↓

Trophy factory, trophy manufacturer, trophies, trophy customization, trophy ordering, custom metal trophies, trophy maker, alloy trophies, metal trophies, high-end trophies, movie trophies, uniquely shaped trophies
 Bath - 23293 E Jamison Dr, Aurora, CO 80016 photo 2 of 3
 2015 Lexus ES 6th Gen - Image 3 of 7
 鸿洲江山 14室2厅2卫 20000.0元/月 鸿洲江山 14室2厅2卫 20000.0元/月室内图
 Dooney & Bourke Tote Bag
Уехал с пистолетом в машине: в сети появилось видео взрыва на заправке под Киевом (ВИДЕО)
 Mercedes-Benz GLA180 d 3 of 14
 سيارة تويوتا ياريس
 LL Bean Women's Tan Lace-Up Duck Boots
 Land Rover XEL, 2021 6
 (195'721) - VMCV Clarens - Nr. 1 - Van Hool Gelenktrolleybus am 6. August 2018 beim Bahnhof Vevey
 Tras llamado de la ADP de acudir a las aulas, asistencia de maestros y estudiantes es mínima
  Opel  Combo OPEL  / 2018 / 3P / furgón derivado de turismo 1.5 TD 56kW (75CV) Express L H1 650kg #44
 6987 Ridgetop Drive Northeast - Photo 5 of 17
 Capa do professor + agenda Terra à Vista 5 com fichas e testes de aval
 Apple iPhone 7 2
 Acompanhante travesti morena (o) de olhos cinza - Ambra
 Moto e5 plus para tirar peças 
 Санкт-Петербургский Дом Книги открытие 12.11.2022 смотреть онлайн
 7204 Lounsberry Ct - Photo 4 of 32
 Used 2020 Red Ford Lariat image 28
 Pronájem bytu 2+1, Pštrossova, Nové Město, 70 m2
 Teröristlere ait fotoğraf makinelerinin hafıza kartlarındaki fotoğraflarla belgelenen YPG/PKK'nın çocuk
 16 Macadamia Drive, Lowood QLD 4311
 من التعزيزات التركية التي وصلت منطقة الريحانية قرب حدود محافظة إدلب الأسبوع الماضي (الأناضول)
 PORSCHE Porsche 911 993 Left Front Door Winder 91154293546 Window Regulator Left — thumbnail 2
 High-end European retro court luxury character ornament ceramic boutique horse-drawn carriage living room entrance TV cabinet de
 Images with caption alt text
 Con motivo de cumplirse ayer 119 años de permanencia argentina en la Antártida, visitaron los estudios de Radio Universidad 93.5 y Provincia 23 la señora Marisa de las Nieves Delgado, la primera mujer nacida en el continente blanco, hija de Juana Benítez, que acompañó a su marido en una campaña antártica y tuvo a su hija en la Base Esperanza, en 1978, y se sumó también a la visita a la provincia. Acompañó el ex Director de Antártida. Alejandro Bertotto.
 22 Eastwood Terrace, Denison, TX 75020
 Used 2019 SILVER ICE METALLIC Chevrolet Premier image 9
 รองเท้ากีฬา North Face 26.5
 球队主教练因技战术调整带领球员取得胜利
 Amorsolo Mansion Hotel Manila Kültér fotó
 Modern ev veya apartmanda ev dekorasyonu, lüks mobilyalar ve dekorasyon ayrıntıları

↑

# EXERCISE INSTRUCTIONS
Transcribe the full listing exactly, omitting nothing.

# RESULT BELOW
Trophy factory, trophy manufacturer, trophies, trophy customization, trophy ordering, custom metal trophies, trophy maker, alloy trophies, metal trophies, high-end trophies, movie trophies, uniquely shaped trophies
 Bath - 23293 E Jamison Dr, Aurora, CO 80016 photo 2 of 3
 2015 Lexus ES 6th Gen - Image 3 of 7
 鸿洲江山 14室2厅2卫 20000.0元/月 鸿洲江山 14室2厅2卫 20000.0元/月室内图
 Dooney & Bourke Tote Bag
Уехал с пистолетом в машине: в сети появилось видео взрыва на заправке под Киевом (ВИДЕО)
 Mercedes-Benz GLA180 d 3 of 14
 سيارة تويوتا ياريس
 LL Bean Women's Tan Lace-Up Duck Boots
 Land Rover XEL, 2021 6
 (195'721) - VMCV Clarens - Nr. 1 - Van Hool Gelenktrolleybus am 6. August 2018 beim Bahnhof Vevey
 Tras llamado de la ADP de acudir a las aulas, asistencia de maestros y estudiantes es mínima
  Opel  Combo OPEL  / 2018 / 3P / furgón derivado de turismo 1.5 TD 56kW (75CV) Express L H1 650kg #44
 6987 Ridgetop Drive Northeast - Photo 5 of 17
 Capa do professor + agenda Terra à Vista 5 com fichas e testes de aval
 Apple iPhone 7 2
 Acompanhante travesti morena (o) de olhos cinza - Ambra
 Moto e5 plus para tirar peças 
 Санкт-Петербургский Дом Книги открытие 12.11.2022 смотреть онлайн
 7204 Lounsberry Ct - Photo 4 of 32
 Used 2020 Red Ford Lariat image 28
 Pronájem bytu 2+1, Pštrossova, Nové Město, 70 m2
 Teröristlere ait fotoğraf makinelerinin hafıza kartlarındaki fotoğraflarla belgelenen YPG/PKK'nın çocuk
 16 Macadamia Drive, Lowood QLD 4311
 من التعزيزات التركية التي وصلت منطقة الريحانية قرب حدود محافظة إدلب الأسبوع الماضي (الأناضول)
 PORSCHE Porsche 911 993 Left Front Door Winder 91154293546 Window Regulator Left — thumbnail 2
 High-end European retro court luxury character ornament ceramic boutique horse-drawn carriage living room entrance TV cabinet de
 Images with caption alt text
 Con motivo de cumplirse ayer 119 años de permanencia argentina en la Antártida, visitaron los estudios de Radio Universidad 93.5 y Provincia 23 la señora Marisa de las Nieves Delgado, la primera mujer nacida en el continente blanco, hija de Juana Benítez, que acompañó a su marido en una campaña antártica y tuvo a su hija en la Base Esperanza, en 1978, y se sumó también a la visita a la provincia. Acompañó el ex Director de Antártida. Alejandro Bertotto.
 22 Eastwood Terrace, Denison, TX 75020
 Used 2019 SILVER ICE METALLIC Chevrolet Premier image 9
 รองเท้ากีฬา North Face 26.5
 球队主教练因技战术调整带领球员取得胜利
 Amorsolo Mansion Hotel Manila Kültér fotó
 Modern ev veya apartmanda ev dekorasyonu, lüks mobilyalar ve dekorasyon ayrıntıları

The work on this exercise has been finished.